_WHAT YOU WILL DO_
Beginning with the line that holds "Samambaia-prateada" in the data below, give again every line through the one that holds "Akçaabat Mersin De", exactly as written.
(DATASET EXTRACT begins)
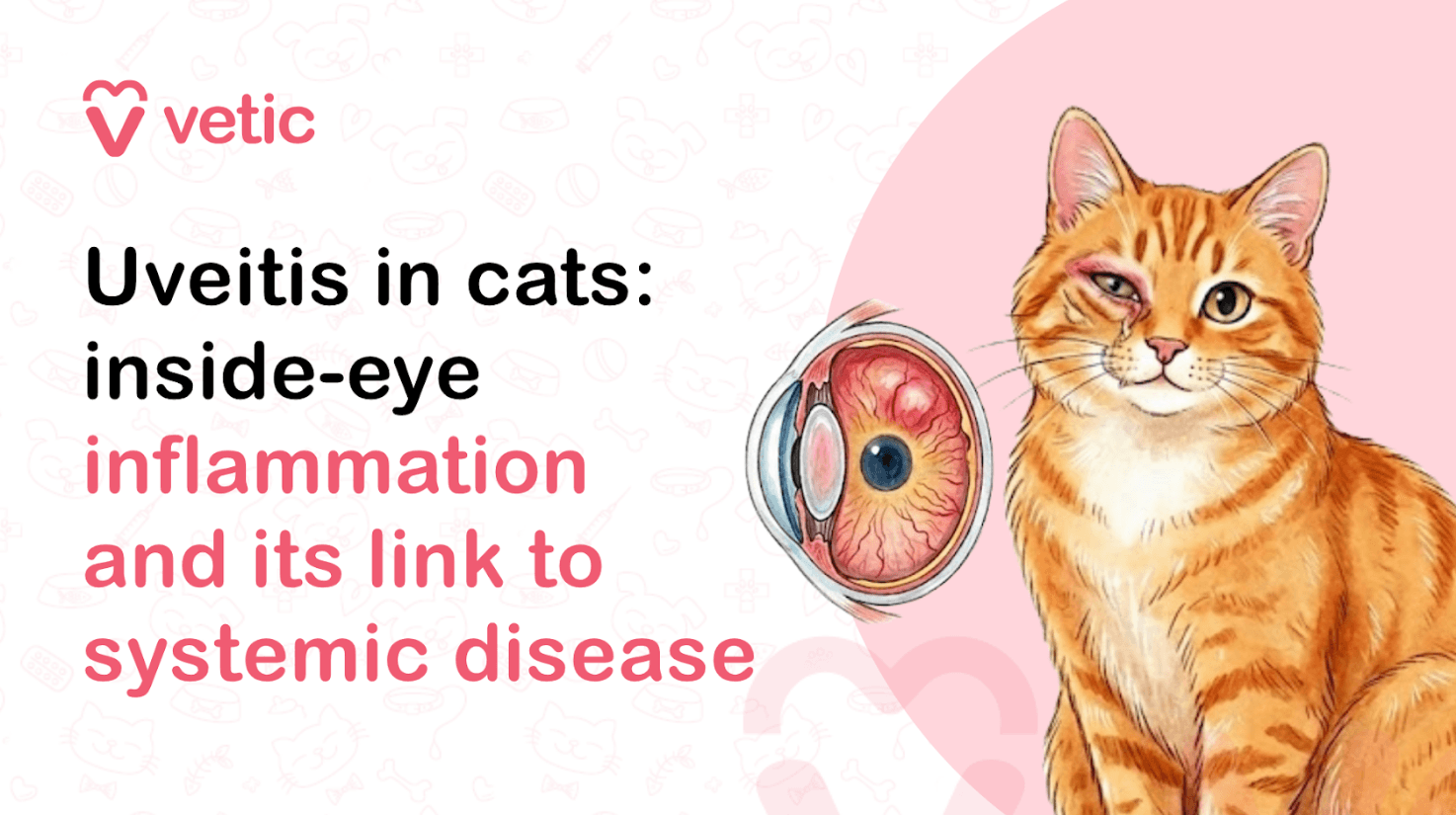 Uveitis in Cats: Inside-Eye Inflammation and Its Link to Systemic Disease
(DATASET EXTRACT ends)
(DATASET EXTRACT begins)
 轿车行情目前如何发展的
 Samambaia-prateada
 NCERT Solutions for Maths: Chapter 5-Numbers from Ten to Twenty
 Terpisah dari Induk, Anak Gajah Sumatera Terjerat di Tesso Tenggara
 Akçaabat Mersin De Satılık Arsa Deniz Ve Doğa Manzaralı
(DATASET EXTRACT ends)
_RESULT FOR THIS TASK_
 Samambaia-prateada
 NCERT Solutions for Maths: Chapter 5-Numbers from Ten to Twenty
 Terpisah dari Induk, Anak Gajah Sumatera Terjerat di Tesso Tenggara
 Akçaabat Mersin De Satılık Arsa Deniz Ve Doğa Manzaralı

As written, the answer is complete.